Source material: Begin

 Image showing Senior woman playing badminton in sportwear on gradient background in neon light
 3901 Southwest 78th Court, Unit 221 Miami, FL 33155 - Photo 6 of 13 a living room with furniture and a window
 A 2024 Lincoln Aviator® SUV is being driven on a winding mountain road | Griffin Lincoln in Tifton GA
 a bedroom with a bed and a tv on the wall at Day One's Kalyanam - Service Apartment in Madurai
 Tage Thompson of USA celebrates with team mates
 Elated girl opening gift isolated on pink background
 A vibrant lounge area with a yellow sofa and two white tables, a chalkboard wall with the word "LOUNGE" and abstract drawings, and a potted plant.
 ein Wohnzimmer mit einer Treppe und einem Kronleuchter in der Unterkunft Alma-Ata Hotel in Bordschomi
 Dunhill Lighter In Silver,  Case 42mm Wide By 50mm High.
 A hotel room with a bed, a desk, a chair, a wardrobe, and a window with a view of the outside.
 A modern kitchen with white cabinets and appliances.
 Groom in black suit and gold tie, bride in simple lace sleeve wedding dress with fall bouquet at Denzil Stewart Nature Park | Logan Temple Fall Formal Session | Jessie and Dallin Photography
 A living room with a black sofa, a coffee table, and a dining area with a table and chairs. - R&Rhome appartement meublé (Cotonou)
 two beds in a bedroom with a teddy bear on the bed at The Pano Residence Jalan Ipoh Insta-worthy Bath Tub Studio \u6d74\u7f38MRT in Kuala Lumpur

Source material: End

**Task to carry out:** In your reply, restate every entry exactly.

**Response to the exercise:**
 Image showing Senior woman playing badminton in sportwear on gradient background in neon light
 3901 Southwest 78th Court, Unit 221 Miami, FL 33155 - Photo 6 of 13 a living room with furniture and a window
 A 2024 Lincoln Aviator® SUV is being driven on a winding mountain road | Griffin Lincoln in Tifton GA
 a bedroom with a bed and a tv on the wall at Day One's Kalyanam - Service Apartment in Madurai
 Tage Thompson of USA celebrates with team mates
 Elated girl opening gift isolated on pink background
 A vibrant lounge area with a yellow sofa and two white tables, a chalkboard wall with the word "LOUNGE" and abstract drawings, and a potted plant.
 ein Wohnzimmer mit einer Treppe und einem Kronleuchter in der Unterkunft Alma-Ata Hotel in Bordschomi
 Dunhill Lighter In Silver,  Case 42mm Wide By 50mm High.
 A hotel room with a bed, a desk, a chair, a wardrobe, and a window with a view of the outside.
 A modern kitchen with white cabinets and appliances.
 Groom in black suit and gold tie, bride in simple lace sleeve wedding dress with fall bouquet at Denzil Stewart Nature Park | Logan Temple Fall Formal Session | Jessie and Dallin Photography
 A living room with a black sofa, a coffee table, and a dining area with a table and chairs. - R&Rhome appartement meublé (Cotonou)
 two beds in a bedroom with a teddy bear on the bed at The Pano Residence Jalan Ipoh Insta-worthy Bath Tub Studio \u6d74\u7f38MRT in Kuala Lumpur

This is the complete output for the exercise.